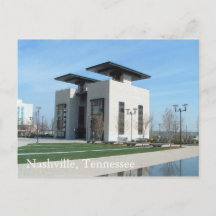 ダビッドソンカウンティ展望台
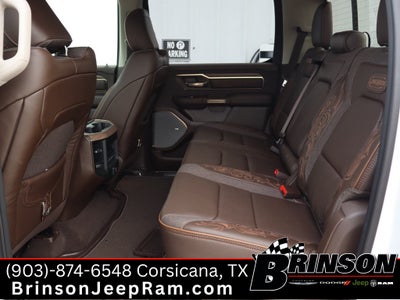 2026 RAM Ram 1500 RAM 1500 LIMITED LONGHORN CREW CAB 4X4 5'7' BOX
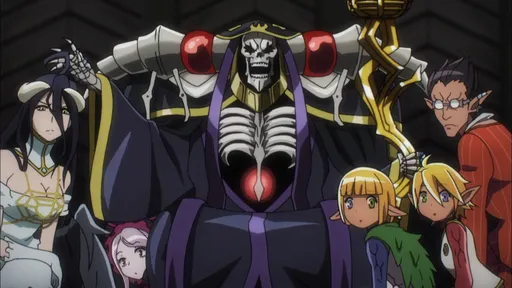Авторы Overlord: Escape from Nazarick показали новый геймплей тайтла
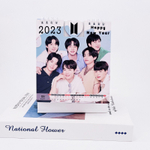 BTS - PROOF (Календарь 2023)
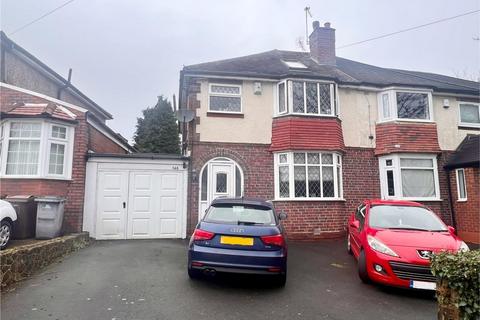 4 bedroom semi-detached house for sale, Colebrook Road, Shirley, Solihull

*What to produce*
Where the line containing "Авторы Overlord: Escape" appears above, start there and set down each line exactly through the last line of the data; leave out every picture.

*Finished exercise*
Авторы Overlord: Escape from Nazarick показали новый геймплей тайтла
 BTS - PROOF (Календарь 2023)
 4 bedroom semi-detached house for sale, Colebrook Road, Shirley, Solihull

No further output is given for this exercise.